STF: Mental Health in Immigrant Communities

During the four workshops that we attended this term, I believe we learned a variety of valuable information that we have been able to apply to our project. For instance, one thing we learned from the first workshop was how to identify the root cause of our project idea. The root causes analysis exercise allowed us to better dissect our ideas and understand them at a deeper level than we did before. For our project specifically, we utilized the Fishbone Diagrams to better understand our root cause. For us, the Fishbone diagram method not only helped us visualize how to address the topic of mental health care, but it also helped us develop a specific plan for what was actually causing the issues of stigma.

Moreover, another aspect of the workshops we found valuable was learning about how to engage with a community and our stakeholders. This was something we were hoping to learn from the workshop since it allows us to develop an action plan for the project. Through this experience, we learned about how to personally embrace an attitude of cultural humility.
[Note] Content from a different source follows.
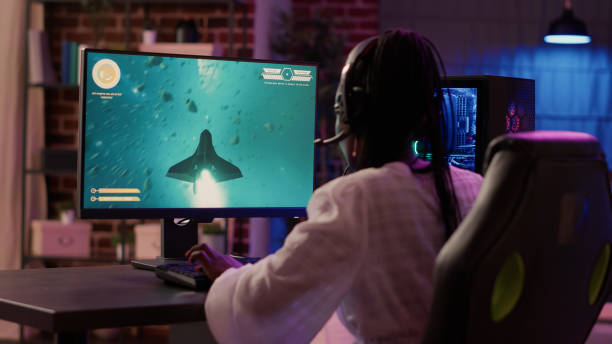 istock Over shoulder view of african american gamer girl playing space shooter simulation using pc gaming setup 1441842641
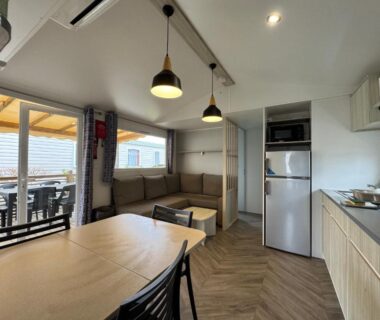 Intérieur avec kitchenette et terrasse donnant sur le bassin du bungalow Un toit sur le bassin au camping Les Viviers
For our project, we utilized the “Entering” method when we first approached our current stakeholders and will continue to apply the principles we learned about engaging with our community as our project progresses.

Furthermore, we found the research methods part of the workshop very interesting. From learning how to properly develop a research question, to how to conduct a literature review, we learned a great deal about the importance of research and the research method. For our project, we have since researched topics of stigma and mental health on databases such as PubMed and PsycInfo, and better understand prevention techniques used by researchers, and how they measured stigma. In the future, we will be using the 5-point Likert scale method to quantitatively measure stigma at the community level through our project. We also plan to use qualitative methods such as interviews to better get feedback about our seminar talks and activities. Additionally, we were hoping to learn how to form open-ended questions as we knew it would be important for us to do so when we reach out to stakeholders, and the workshops greatly helped us.

Through the various workshops, I believe we were able to better sharpen our skill of developing open-ended questions. I believe that by learning this skill, we were able to greatly improve our understanding of the topics of mental healthcare as it relates to immigrant communities, and better recognize the community we are working with and its values. Overall, we found our time in the workshops to be valuable in shaping our project idea, and we plan on continuing to implement the various aspects of open-ended questioning, root cause analysis, and responsible community engagement during our project next term.